Paul is saying we don’t live in a healthy, morally good environment. As Christians, our value system is always going to be challenged by the world around us. If we are not on our guard, the culture will draw us into a lifestyle where our time is frivolously consumed rather than invested in what is important.
So how do we make the most of our time? It is essential to know there is one criteria that determines how a person allocates their time. Priorities.
Priorities mean to care for something above all other things. Wise people recognize what their priorities should be. In his book The 7 Habits of Highly Effective People, Stephen Covey shares how he spent a great deal of his time studying time management. He says the best thinking in the area of time management can be captured around a single phrase, “Organize and execute your life around your priorities.” The reason is because you get the future you plan for.
Think about how you manage your life. Do you mange by crisis or urgency? By what is pleasurable, easy, and comfortable? Be honest with yourself, if entertainment is a priority, then you will watch a lot of television. If knowledge is a priority you will read a lot. Then you have relationships—starting with God, your spouse, your children, extended family members and friendships.
So what are our highest priorities and what should be our highest priorities? I find that in this modern world, our lives are scattered, going in many different directions. We become easily distracted from what matters most. This is particularly true when it comes to our spiritual lives.
I am reminded of an incident in the Bible in the book of Luke, where Jesus is in the home of Martha and Mary. Luke describes it in the tenth chapter verses 38-42.
Now as they were traveling along, He entered a village, and a woman named Martha welcomed Him into her home. She had a sister called Mary who was seated at the Lord’s feet, listening to His word.
But, Martha was distracted with all her preparations, and she came up to Him and said, “Lord, do You not care that my sister has left me to do all the serving alone?

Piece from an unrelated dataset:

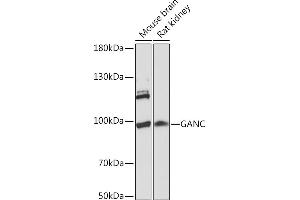 Western blot analysis of extracts of various cell lines, using GANC Rabbit pAb (ABIN7267406) at 1:1000 dilution. (GANC Antikörper  (AA 100-200))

Then tell her to help me.” But, the Lord answered and said to her, “Martha, Martha, you are worried and bothered about so many things, but only one thing is necessary, for Mary has chosen the good part, which shall not be taken away from her.”
Notice the words that were used to describe Martha: “distracted, worried and bothered.” Does that ever describe your life? Notice that Jesus’ response to her has nothing to do with right or wrong. It is not a moral issue that He raises with Martha. It is a priority issue. Jesus is revealing that as humans, we get too busy, distracted and worried about trivial issues in life. Only a few things truly matter, and there is one thing that should be our highest priority, more important than everything else. Jesus points to Mary as an example. We see in verse 39, “she was seated at the Lord’s feet, listening to His word.”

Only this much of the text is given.